Agreed that the incentives need to be balanced, but I think the vulnerability of a small outpost is likely to be sufficient to balance its improved effectiveness at securing territory. If you decide to use standard wooden buildings (1500gp each) as outposts, then, sure, you could control the equivalent of a hex by building 20 of them (30kgp total), but your garrison would be scattered and a passing giant could kick them over one by one while you’re still trying to gather your forces to provide an effective defense.

The unit staffing limits in D@W are completely meaningless on the scale we’re operating at. The smallest structure there can hold 1 unit - 120 infantry or 60 cavalry - while we’re dealing with a domain that can currently field nineteen men (48 if they call up all available militia) and is facing individual orc warbands (around 40 orcs average, including leaders), troll gangs (8 trolls maximum), etc. A single D@W unit is more troops than have been seen total, if you add up every battle that has taken place over the seventeen sessions we’ve played in ACKS.

(And that’s even without taking into account the players’ decision to build the stronghold as mainly just a wall (100 sections of palisade which, per D@W can garrison a unit each) encircling the site of their urban settlement, rather than a “castle”. If there were a hostile army of 12,000 men nearby, then, yeah, the whole army could attack at once and they’d be utterly screwed. But, then, if there were a single hostile unit of 120 men nearby, it would be just as bad for them.)

I believe there are rules for shrinking the scale from 120/60/20 to 30/15/5, which is still too small for your case. Still, it would make small structures that hold 1 unit at the 120 scale relevant if they have 4 slots at the 30 scale.

You could even extrapolate from there, the next smallest being something like 12/6/2 or thereabouts.
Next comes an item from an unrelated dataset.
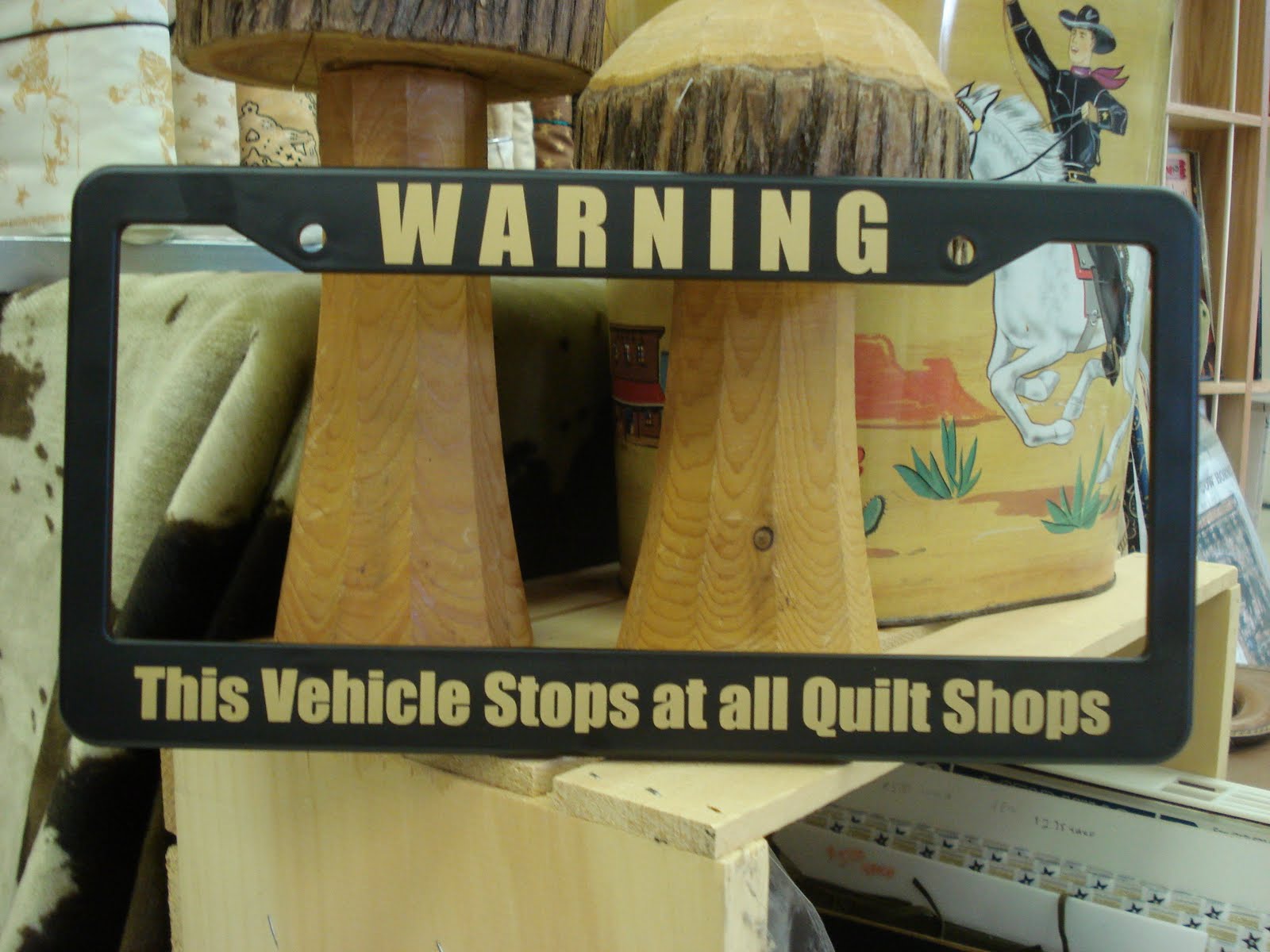 Sewing on the Moon Quilters' License Plate Frames are in the Store!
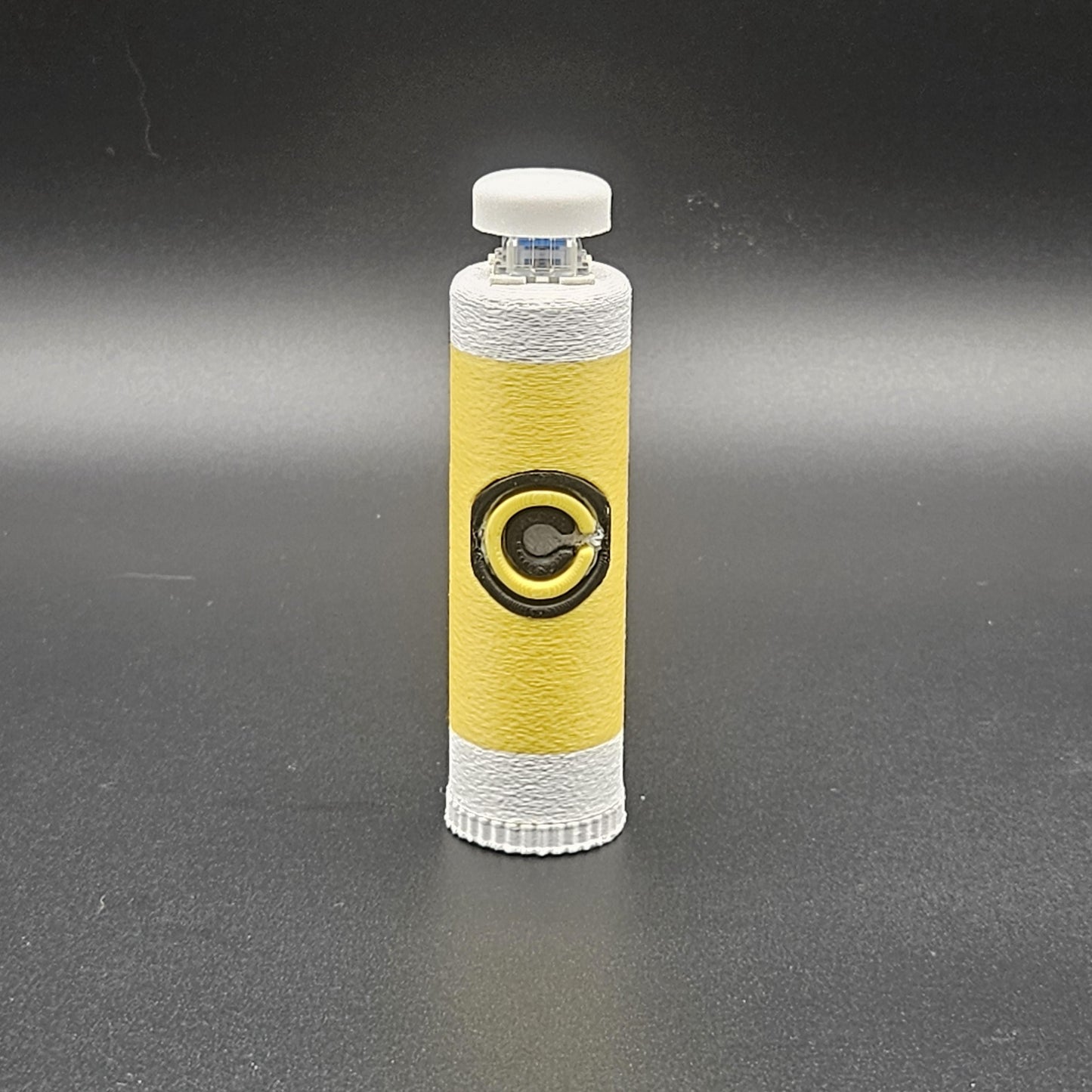 Clicky fidget with storage compartment DBZ in yellow and white with Capsule Corp logo design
Assume that a building with half the GP value of a structure that can hold 120 would hold half a unit and so forth until you have a structure that can be garrisoned by 2-3 units at your scale, such that staffing it with only 1 unit would put it at risk of getting overwhelmed by a force that was only slightly larger.

Overall though it sounds like your goals are not going to be served by adapting the existing rules by “zooming in”, so you might consider breaking away from the ACKs domain framework.

For a while in my group, they had a pack of about 19 mercenaries, but ultimately they decided not to bother with them once it became possible to get higher level henchmen, and they never did anything approaching domain level play with them.

Given that we’re talking here about a domain which falls squarely within the “typical barony” figures from the D@W:C “Vassal Troops by Realm Size” table (p.18)[1], it seems like the ACKS domain framework should support a domain of that size.

The only assumption I can see in ACKS that we’re violating is that the domain is in a remote, isolated location (two weeks by ship to the nearest larger market) instead of being able to hire large quantities of manpower or purchase large quantities of equipment at will.

[1] We have 1 domain, 147 families (albeit with about 2/3 of those families in an urban settlement rather than the domain proper), 30kgp stronghold (just enough to secure one hex), and a 19-man garrison being paid ~250gp/month; the table lists 1 domain, 120-200 families, 320gp garrison, and a standing army of 12-20 men.